Today is Saturday, Nov. 24, the 328th day of 2018. There are 37 days left in the year.
Today’s Highlight in History:
On Nov. 24, 1963, Jack Ruby shot and mortally wounded Lee Harvey Oswald, the accused assassin of President John F. Kennedy, in a scene captured on live television.
On this date:
In 1859, British naturalist Charles Darwin published “On the Origin of Species,” which explained his theory of evolution by means of natural selection.
In 1917, nine members of the Milwaukee police department and two civilians were killed when a bomb exploded inside a police station. (The suspicious-looking package was brought to the station by a local resident after it was discovered outside a church; anarchists were suspected, but the culprits were never caught.)
In 1941, the U.S. Supreme Court, in Edwards v. California, unanimously struck down a California law prohibiting people from bringing impoverished non-residents into the state.
In 1944, during World War II, U.S. bombers based on Saipan attacked Tokyo in the first raid against the Japanese capital by land-based planes.
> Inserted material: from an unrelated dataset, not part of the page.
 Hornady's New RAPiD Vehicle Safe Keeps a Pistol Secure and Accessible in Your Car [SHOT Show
In 1947, a group of writers, producers and directors that became known as the “Hollywood Ten” was cited for contempt of Congress for refusing to answer questions about alleged Communist influence in the movie industry. John Steinbeck’s novel “The Pearl” was first published.
In 1969, Apollo 12 splashed down safely in the Pacific.
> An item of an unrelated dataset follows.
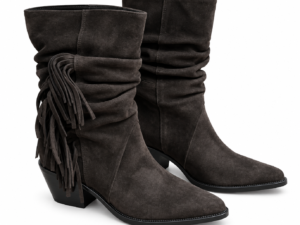 Дамски боти „Wild Fringe“ – Dark Brown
In 1971, a hijacker calling himself “Dan Cooper” (but who became popularly known as “D.B. Cooper”) parachuted from a Northwest Orient Airlines 727 over the Pacific Northwest after receiving $200,000 in ransom; his fate remains unknown.
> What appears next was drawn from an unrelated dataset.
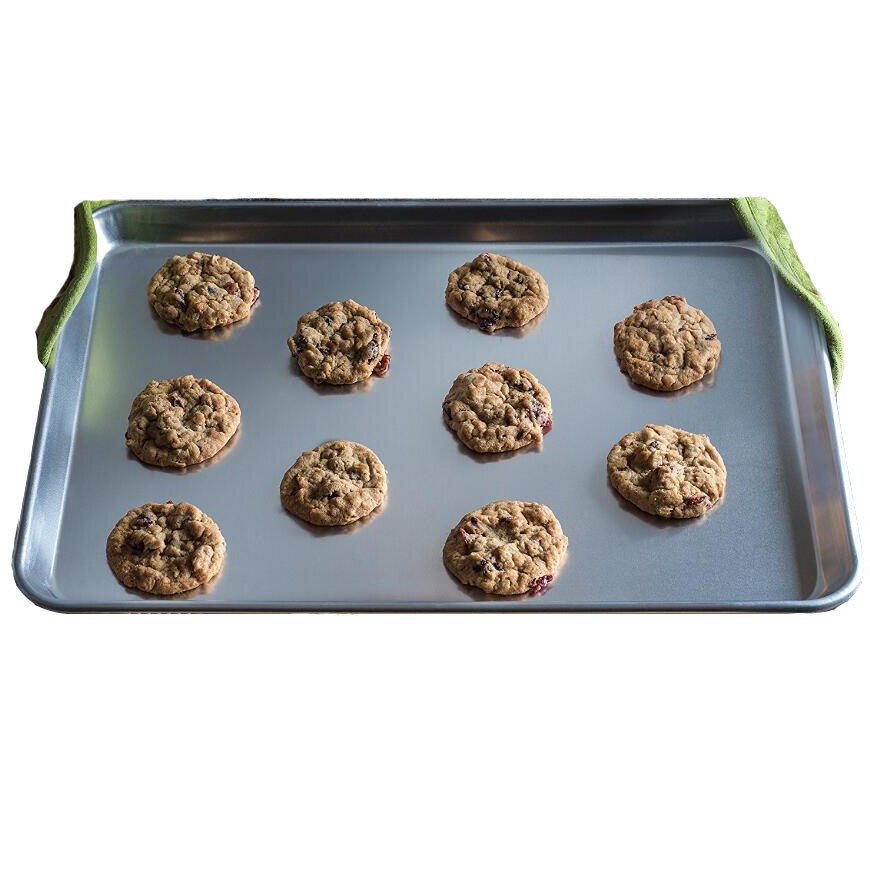 Baking Tray Rectangle Oven Baking Form Aluminium Cake Pan S/L Size Non-Stick Biscuit Cookie Macaroon Pastry Tools Bakeware Set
In 1985, the hijacking of an Egyptair jetliner parked on the ground in Malta ended violently as Egyptian commandos stormed the plane. Fifty-eight people died in the raid, in addition to two others killed by the hijackers.
In 1987, the United States and the Soviet Union agreed on terms to scrap shorter- and medium-range missiles. (The Intermediate-Range Nuclear Forces Treaty was signed by President Ronald Reagan and Soviet leader Mikhail S. Gorbachev the following month.)
In 1991, rock singer Freddie Mercury died in London at age 45 of AIDS-related pneumonia.
In 1992, a China Southern Airlines Boeing 737 crashed in southern China, killing all 141 people on board.
In 2000, the U-S Supreme Court stepped into the bitter, overtime struggle for the White House, agreeing to consider George W. Bush’s appeal against the hand recounting of ballots in Florida.